# Making Mortises in the Face of a Board



## Jmpreiks (Jan 2, 2012)

Hi All,

I am new to this forum, but I am hoping you can give me some pointers on how to setup and make a bunch of various shaped mortises for a children's front-facing rack bookshelf I am working on.

I have attached a couple of sketches for reference. I am most concerned with how to get both sides to match so I can actually assemble it (particularly the ones that are on an angle).

I have already made a basic jig to cut a mortise for a single one of the rounded rails, but I don't have a good way to make sure the other side is at the same angle and positioning.

Any tips would be greatly appreciated since I haven't done anything like this before.

Thanks!
Justin


----------



## jschaben (Jun 21, 2009)

Jmpreiks said:


> Hi All,
> 
> I am new to this forum, but I am hoping you can give me some pointers on how to setup and make a bunch of various shaped mortises for a children's front-facing rack bookshelf I am working on.
> 
> ...


Hi Justin - Welcome to the forum
I hope you have more pictures than that to work with, there seems to be some significant measurements missing from what I could see. 
The approach I would make would be to make templates That would reference the top and backs of the sides. One template could cover the two oval and the inverted "L", another could cover the things on the base. Maybe make a couple of story sticks to make sure they get to the same spot on both sides.


----------



## rwl7532 (Sep 8, 2011)

OK, I've never done a mortise and this is only my opinion.

The bookcase presented looks like just a few books or magazines would be in the shelves. Why not just doweling to connect the rails to the sides and glue?

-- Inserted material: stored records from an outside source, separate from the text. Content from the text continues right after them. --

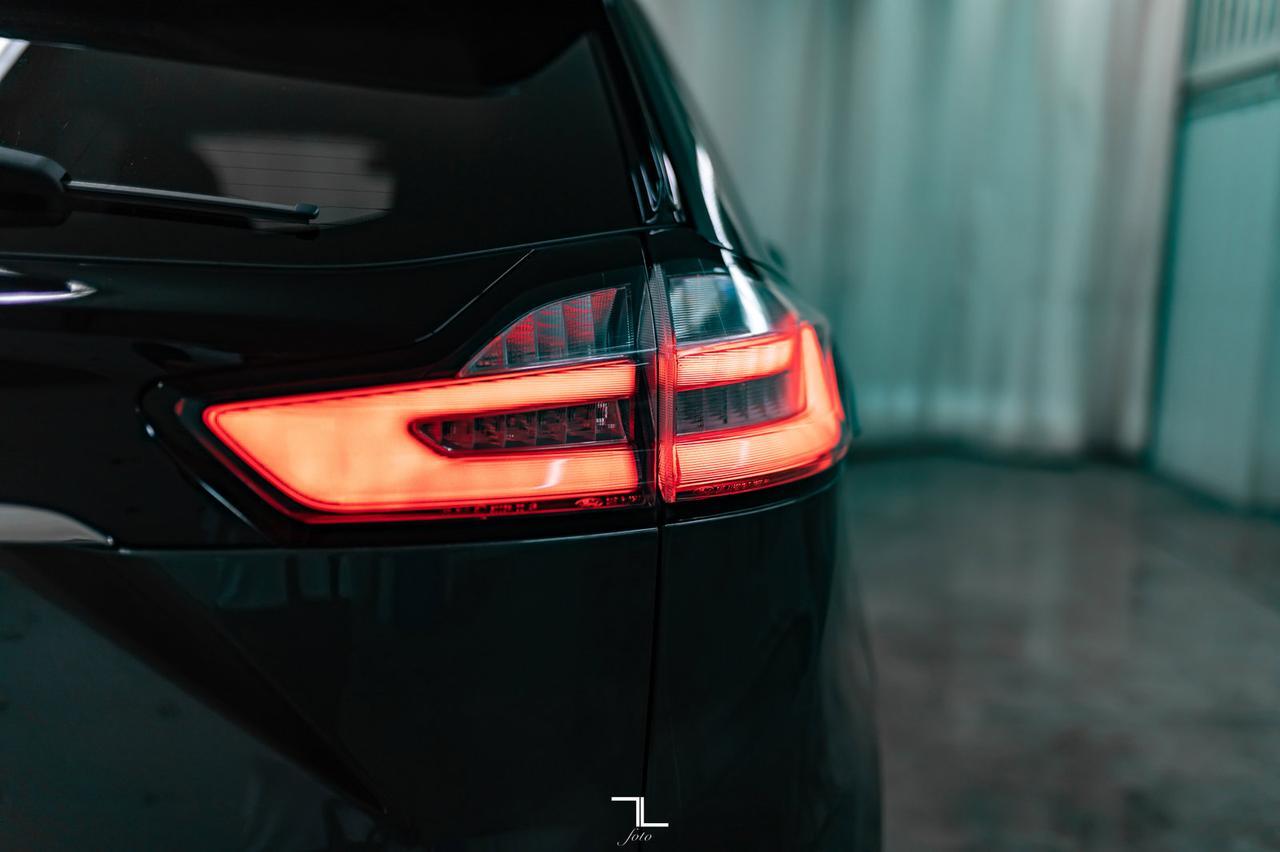 2019 Ford Edge AWD Titanium Leather Roof Nav BCam Red Deer AB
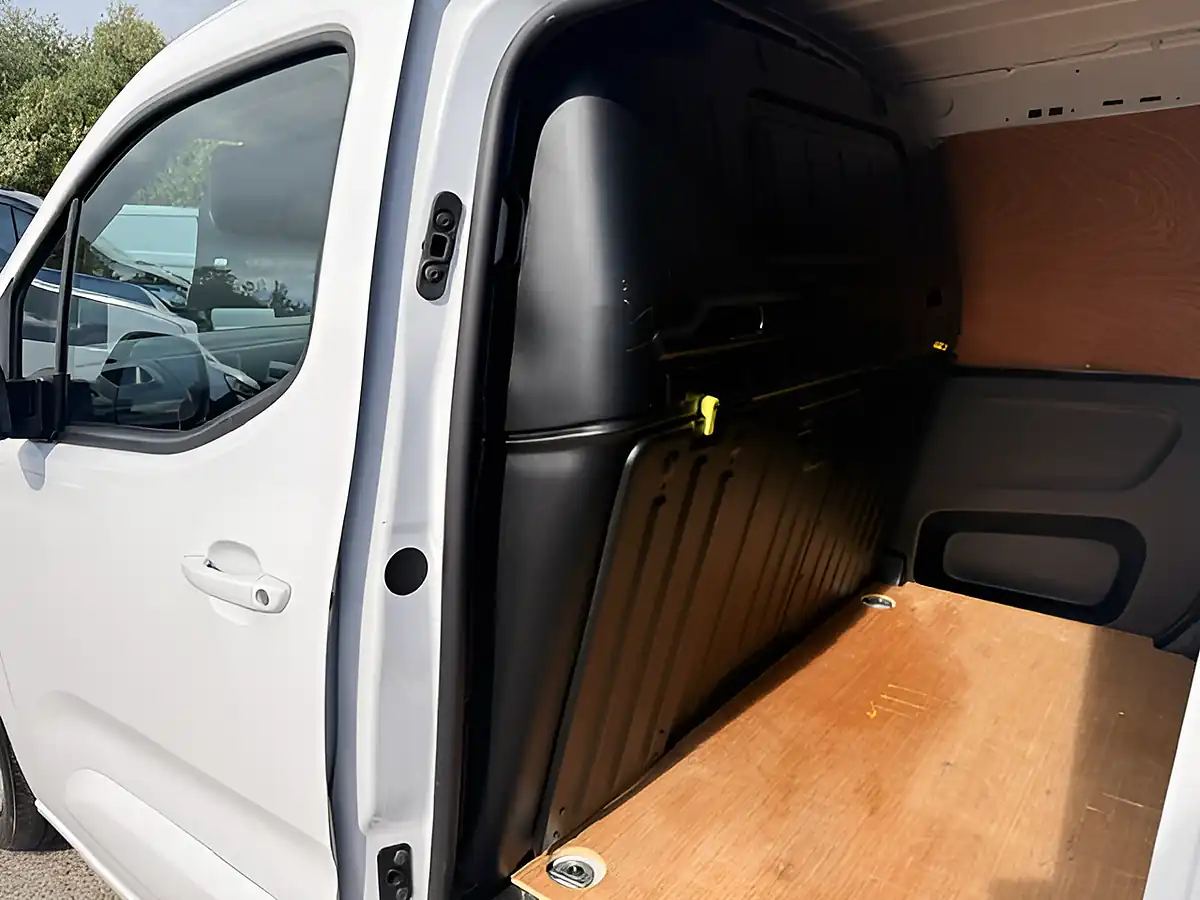 Used 2023 Vauxhall Combo Sportive L1 Swb White - Interior and Exterior details 11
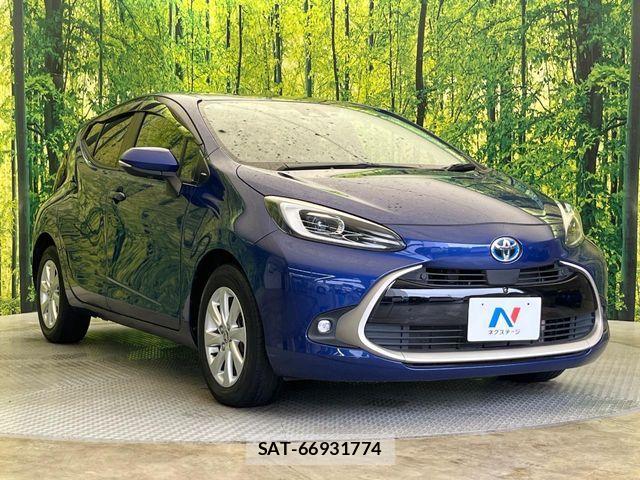 Toyota AQUA 2021-12 8848197-15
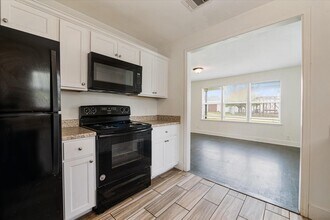 1801 W Houston Dr in La Marque, TX - Building Photo - Building Photo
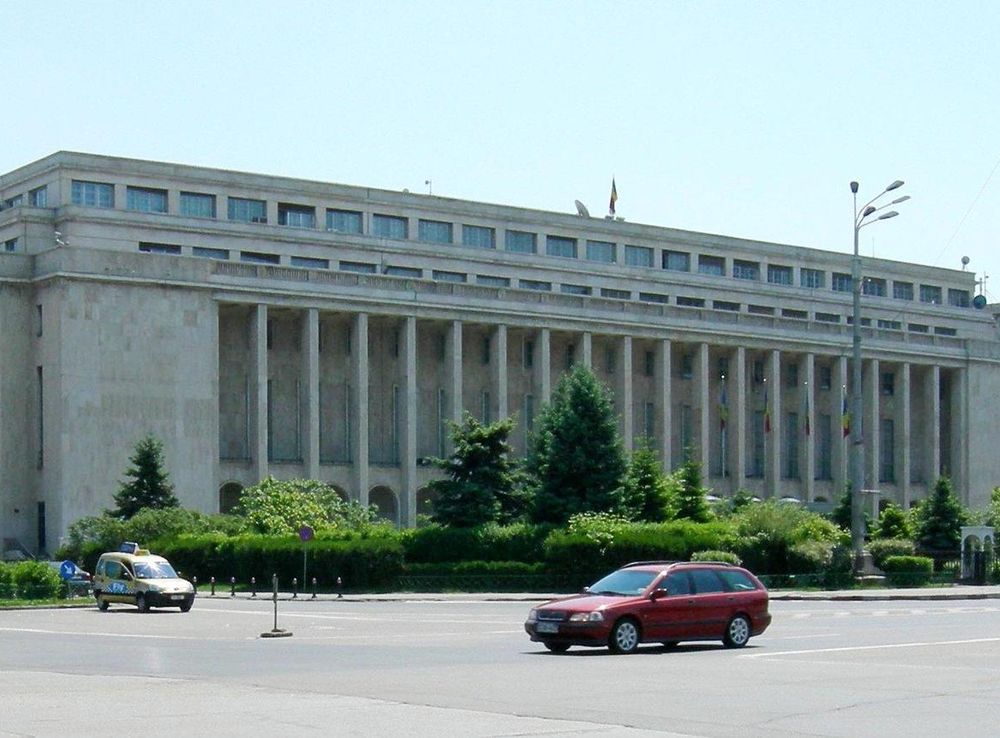 File:Bucharest Victoria Palace-2.jpg - Wikipedia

If the structure was for climbing, then I would understand the need for mortises.

****
These are through mortises? If so, clamp the sides together and do each mortise all the way through both pieces at once.


----------



## jw2170 (Jan 24, 2008)

Hi Justin,

Welcome to the forum.

Based on the sketches, I would agree with John. A template will make for a more consistent measurements to both sides of the book case


----------



## LexB (Apr 12, 2010)

I would make a full-size template from MDF, and use it for both plunging the mortises (using a straight or spiral bit with a guide bushing), and shaping the curved fronts (using a flush-trim bit). To size the mortises on the template correctly, they need to be slightly larger than the straight bit that you'll plunge the mortises with (exactly the difference in diameter between the guide bushing and the straight bit). For example, if you are using a 1/2-inch straight bit and a 5/8-inch guide bushing, then the mortise in the MDF template needs to be 1/8-inch larger than the desired mortise in the workpiece. If you take care making the template, then you'll just flip it when you do the other side piece and you'll have a perfect mirror image.


----------



## waho6o9 (Apr 4, 2010)

Festool's Domino would be perfect for this application.


----------



## Mike (Nov 22, 2004)

Justin, a full sized template is the easiest way to go. I would use 1/4" Masonite or Baltic birch plywood. You make your layout once and then fasten it to one side and make your cuts. Flip the template, fasten it to the other side and make those cuts. You will want the template to extend past the end of the wood by at least an inch. This is so you can easily get on and off the template leaving nice clean cuts on the wood. I have built many magazine racks in different styles for a couple magazine distribution companies. I suggest that you build at least 4 of these racks. It never fails when people see them they want one. Save and label your template with the guide bushing sizes and bits used. Odds are you will be building more.


----------



## Jmpreiks (Jan 2, 2012)

Thanks for all of the advice and suggestions! I was going to take your advice and make a template and started shopping around for guide bushings, but was disappointed to find that the base plate on my Ryobi RE180PL does not accept bushings. I found that Leigh makes an adapter, but read in other threads here the base plate is often not centered and has no way to adjust it other than mounting a secondary base plate onto the factory one...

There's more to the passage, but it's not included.